[Supplied material]

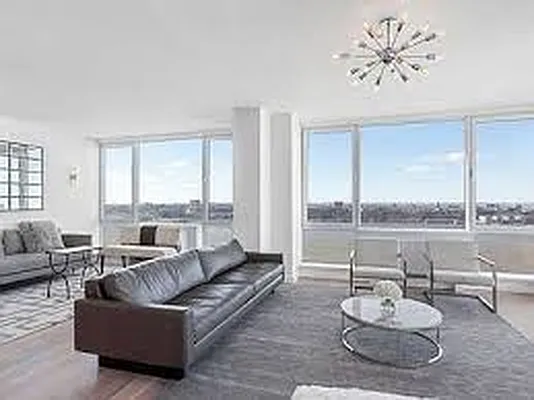 Rented by Higgins Realty Group LLC | media 4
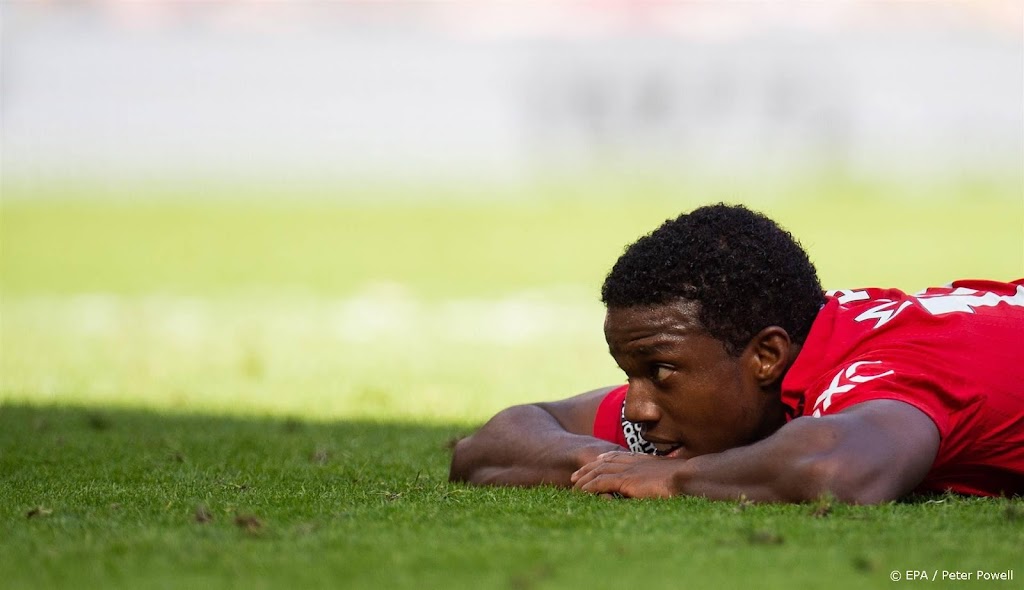 Malacia ontbreekt wegens knieblessure bij Manchester United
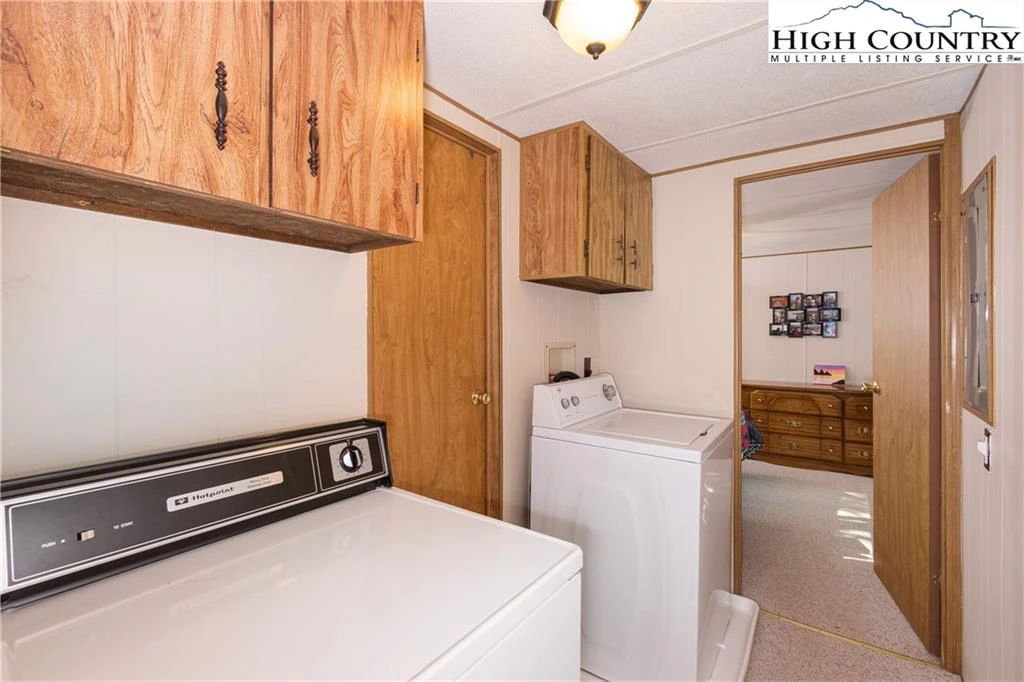 Image number 7 for the current listing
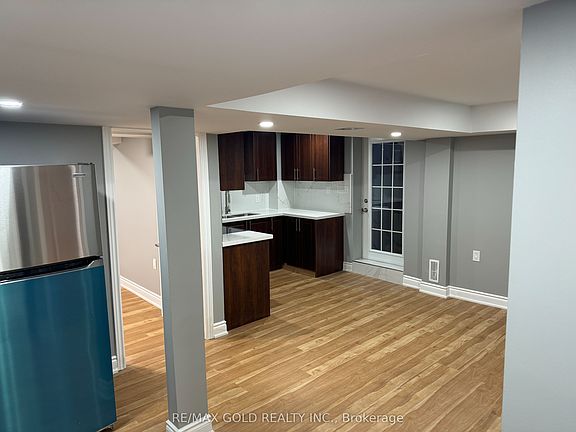 5th image of 4 Hall Cres #Basement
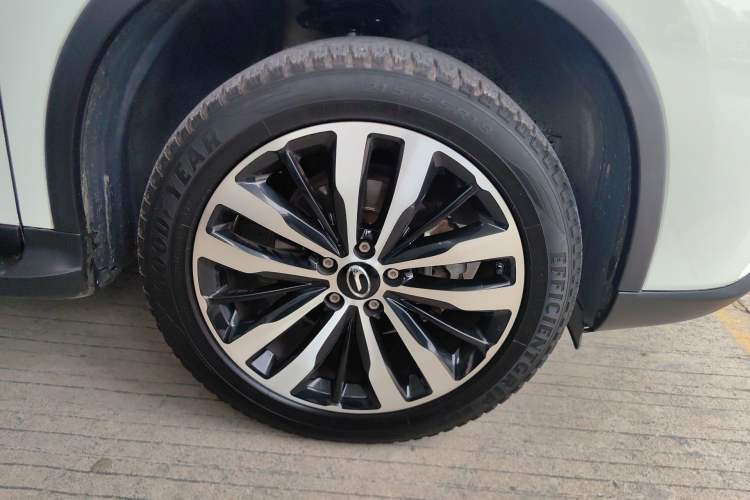Used GAC Trumpchi GS4 2017 235T Automatic Two-Wheel Drive Luxury Smart Connectivity Version Right Front Wheel Hub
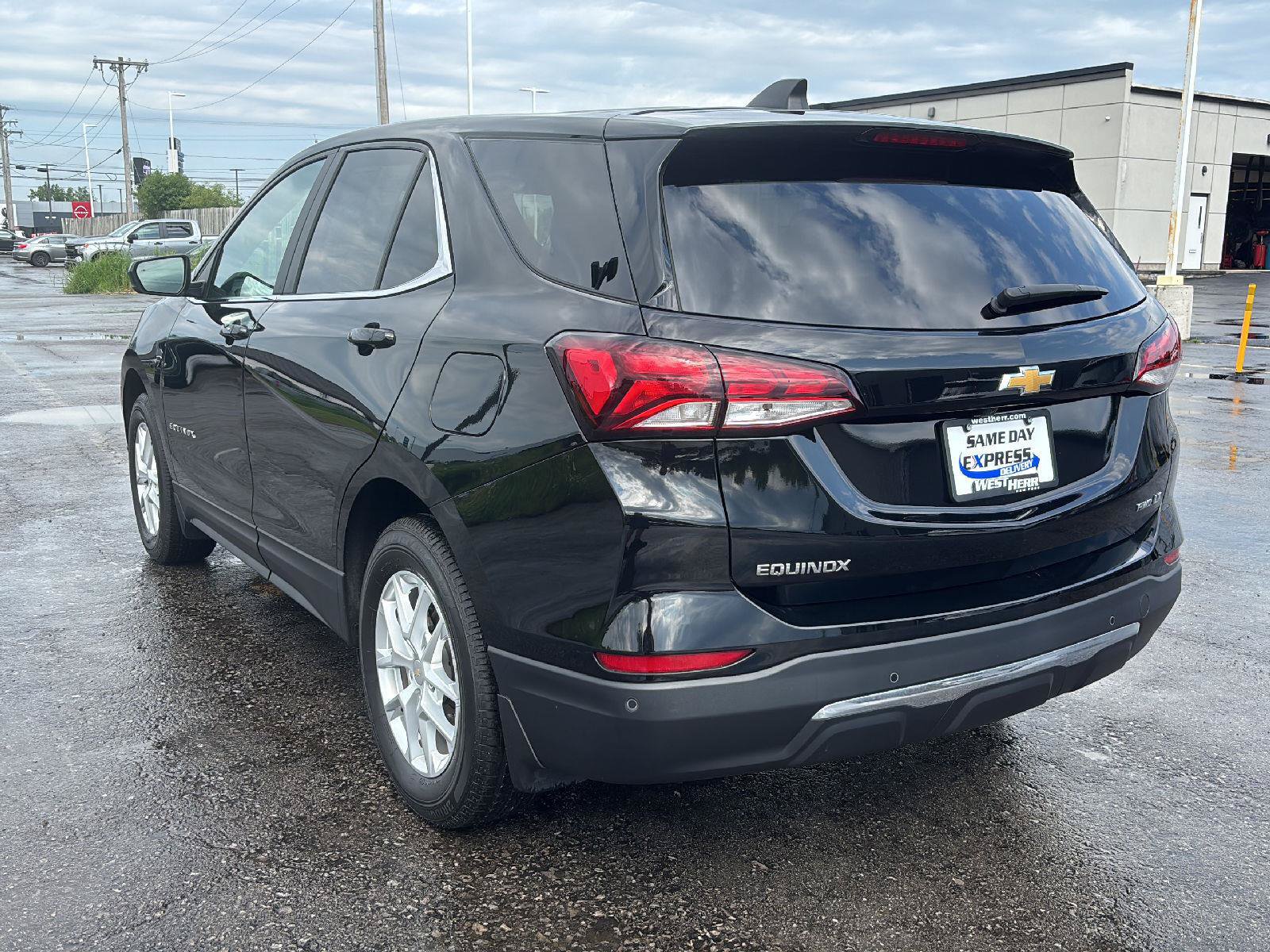 Used 2024 Chevrolet Equinox LT AWD/4WD image 8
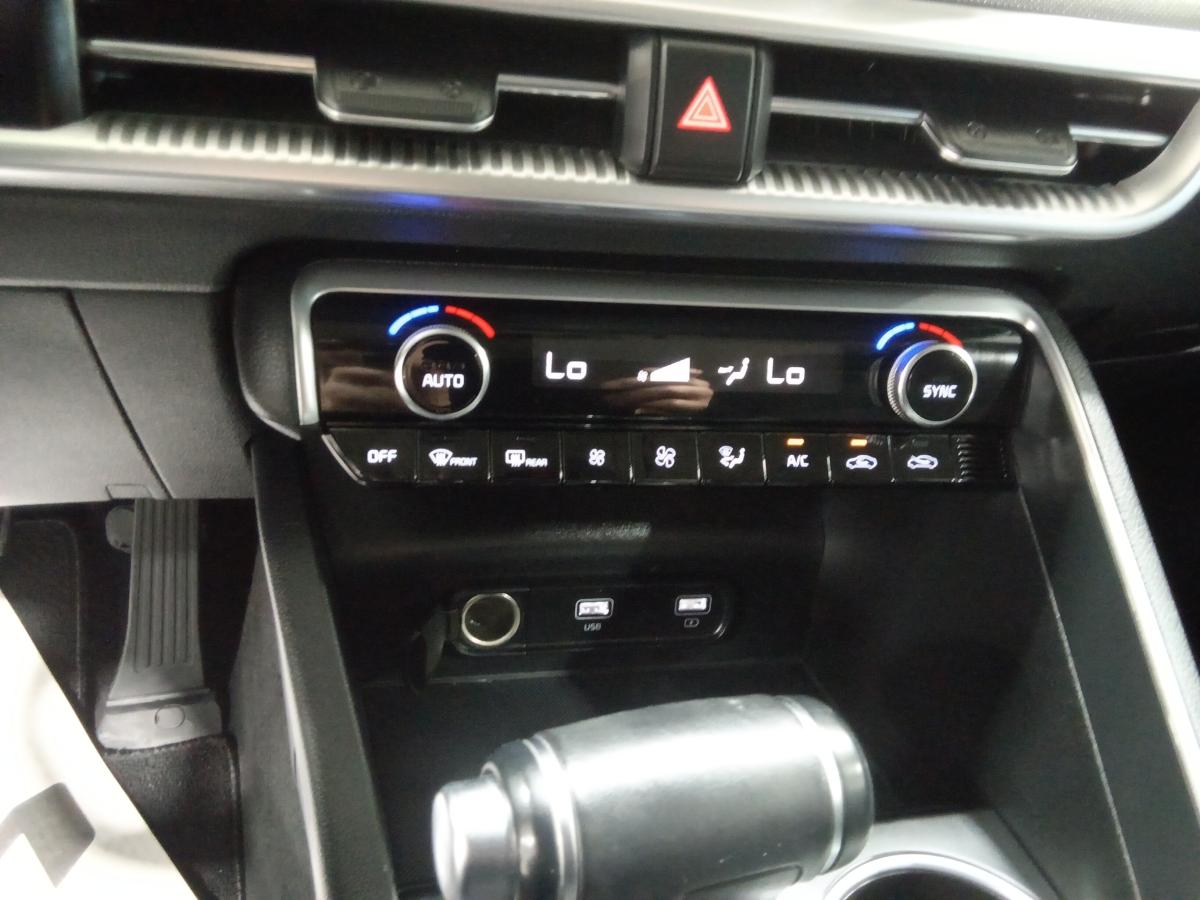 2021 Kia K5 - Image 26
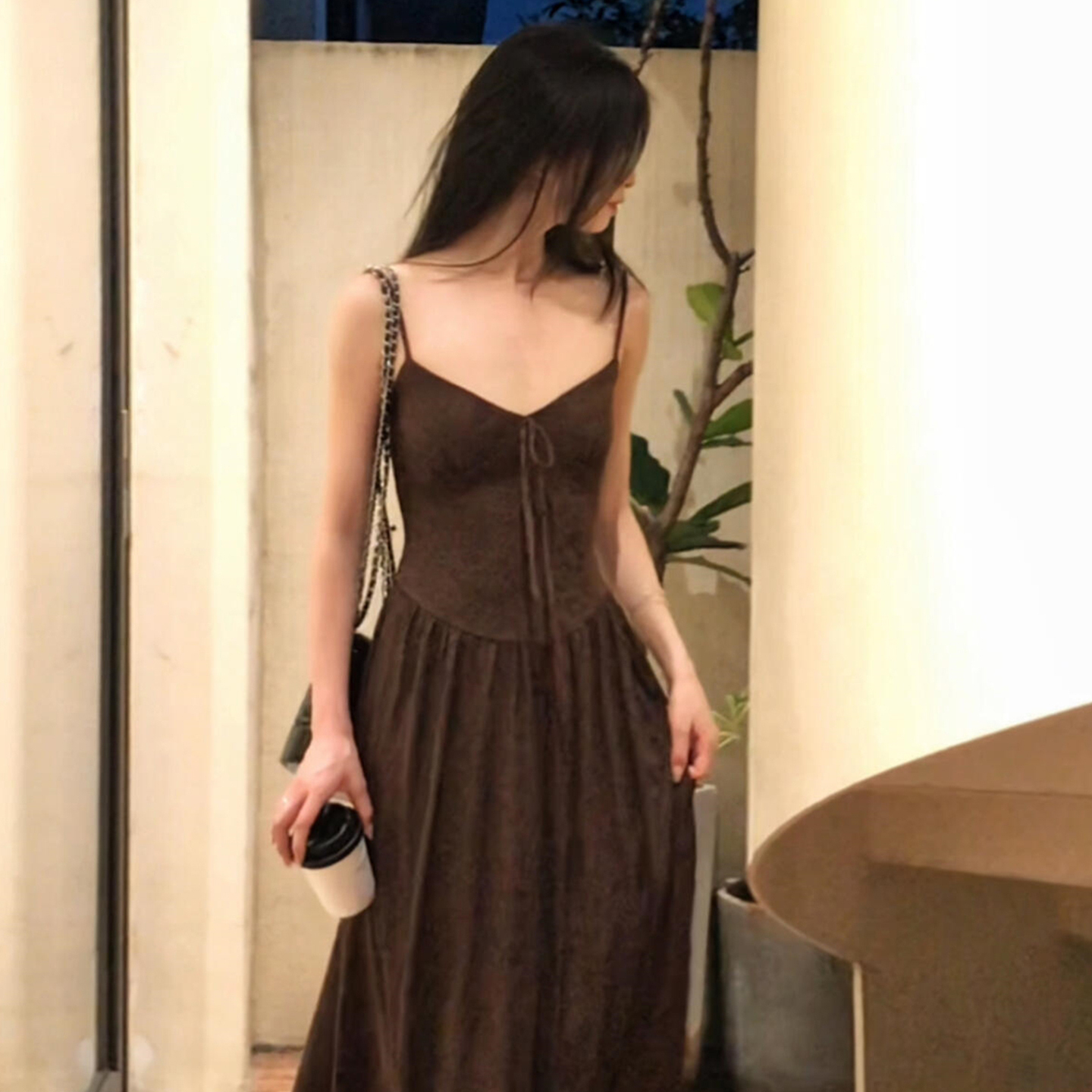 法式气质v领吊带连衣裙子女夏季2025新款海边度假高级感收腰长裙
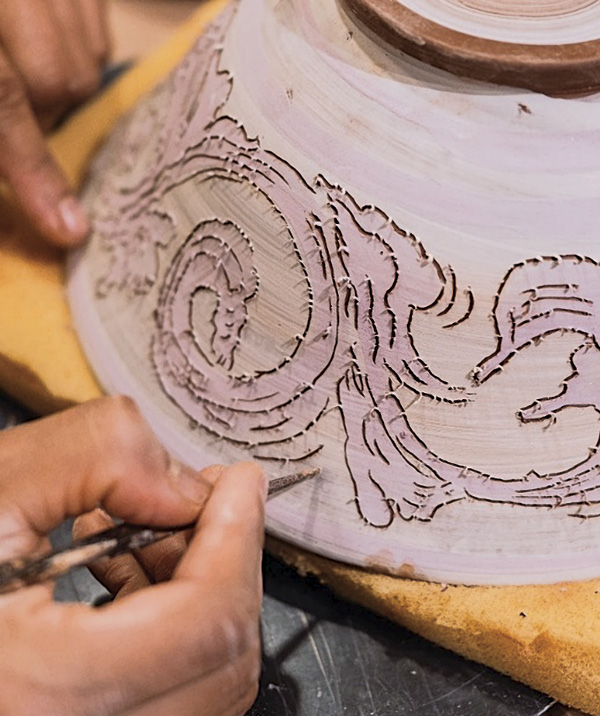 4 If you know that your slips are not very opaque, emphasize the strokes by carving the outline of the design.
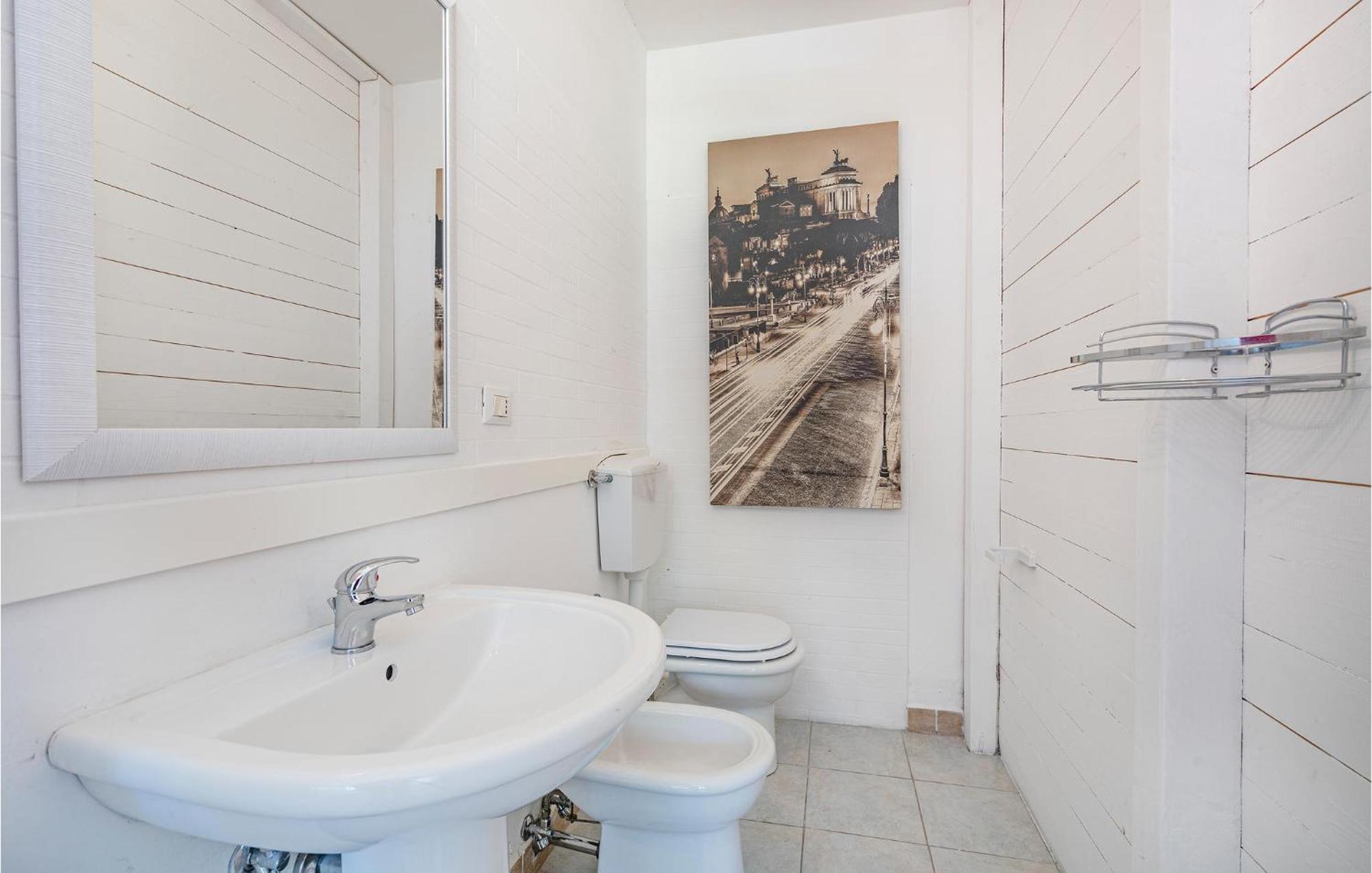 Beautiful Home In Fiumicino With Wifi Buitenkant foto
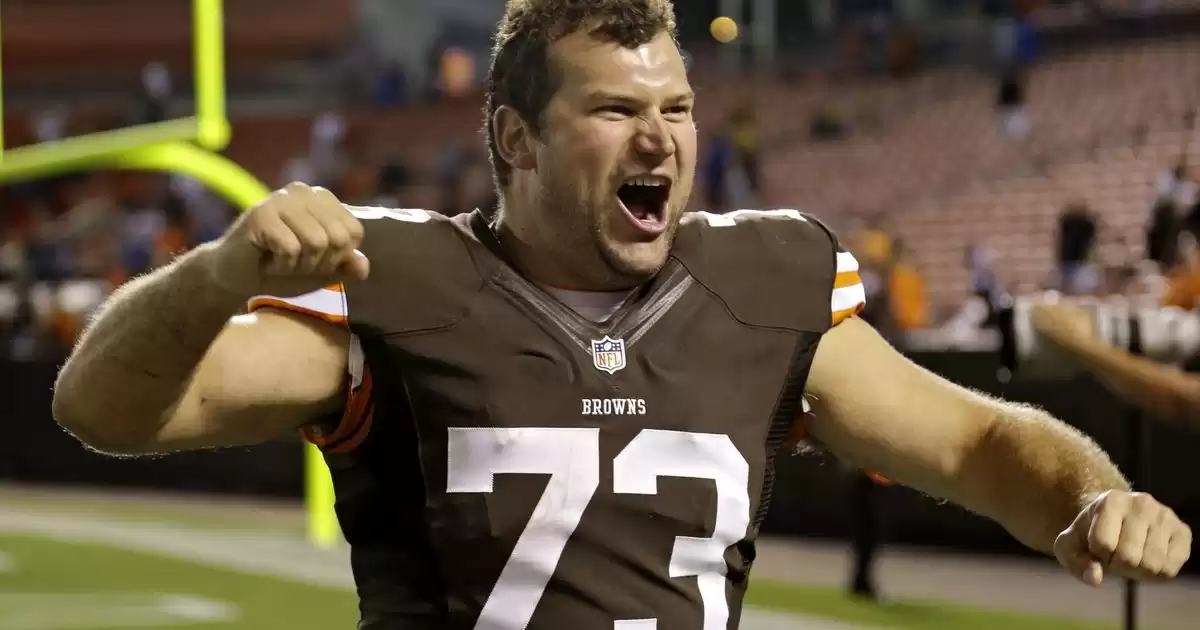 "Browns Tackle Joe Thomas: From Iron Man to NFL Hall of Fame Journey in Cleveland"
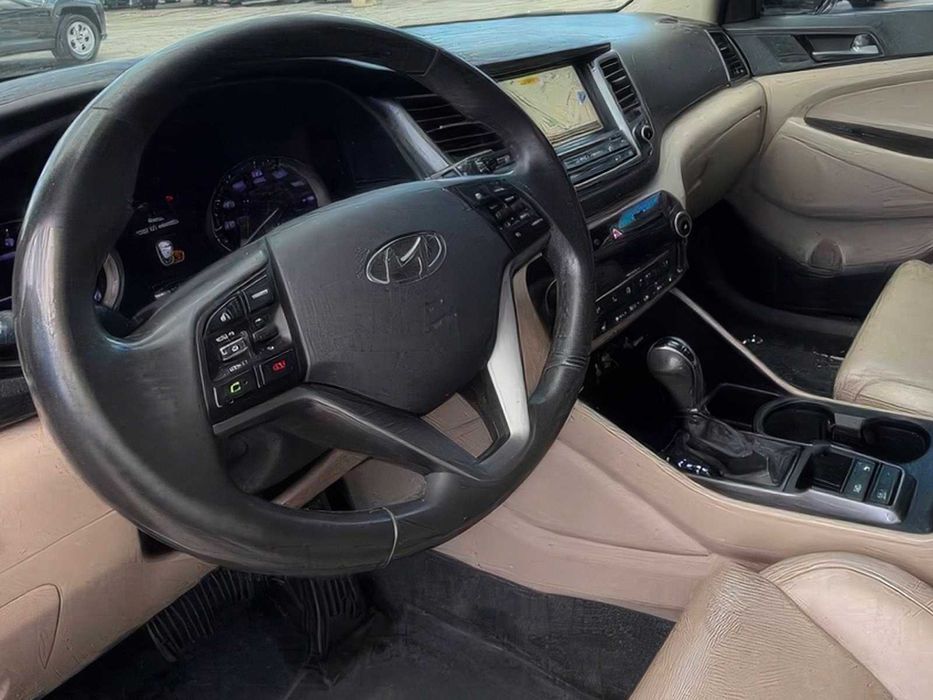 Hyundai Tucson Limited      2016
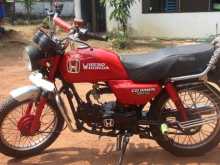 Hero-Honda Honda 2006 Motorbike
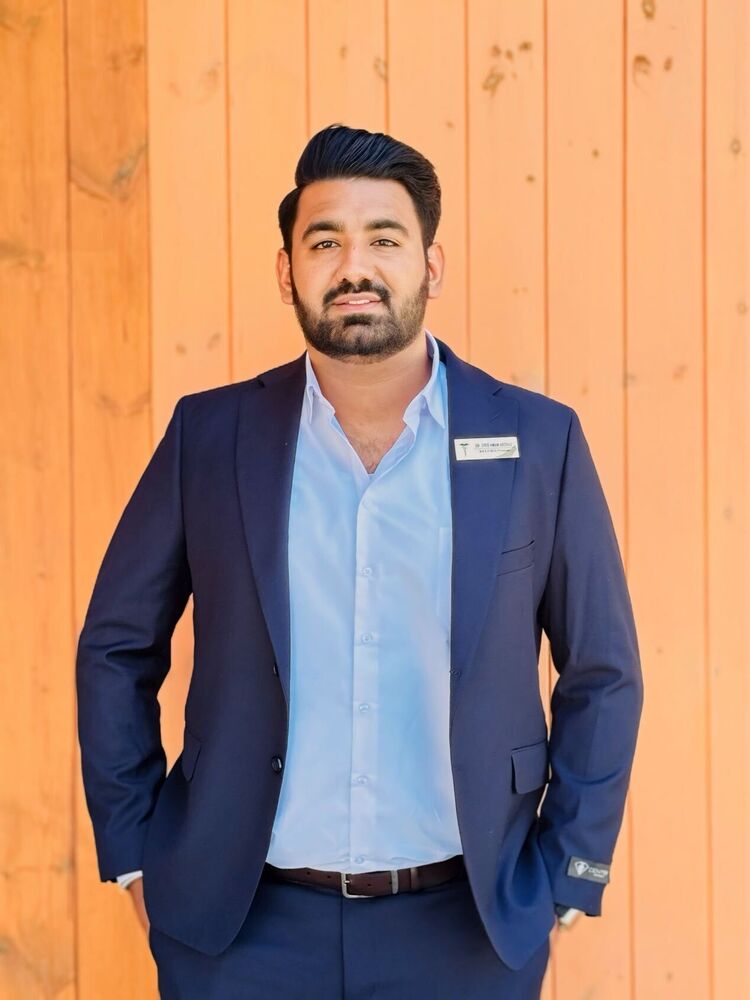  ,   Zain, 25 ,   ,   , c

[/Supplied material]

Assignment
Where the line containing "Hyundai Tucson Limited" appears above, start there and set down each line exactly through the last line of the data; leave out every picture.

Reply
 Hyundai Tucson Limited      2016
 Hero-Honda Honda 2006 Motorbike
  ,   Zain, 25 ,   ,   , c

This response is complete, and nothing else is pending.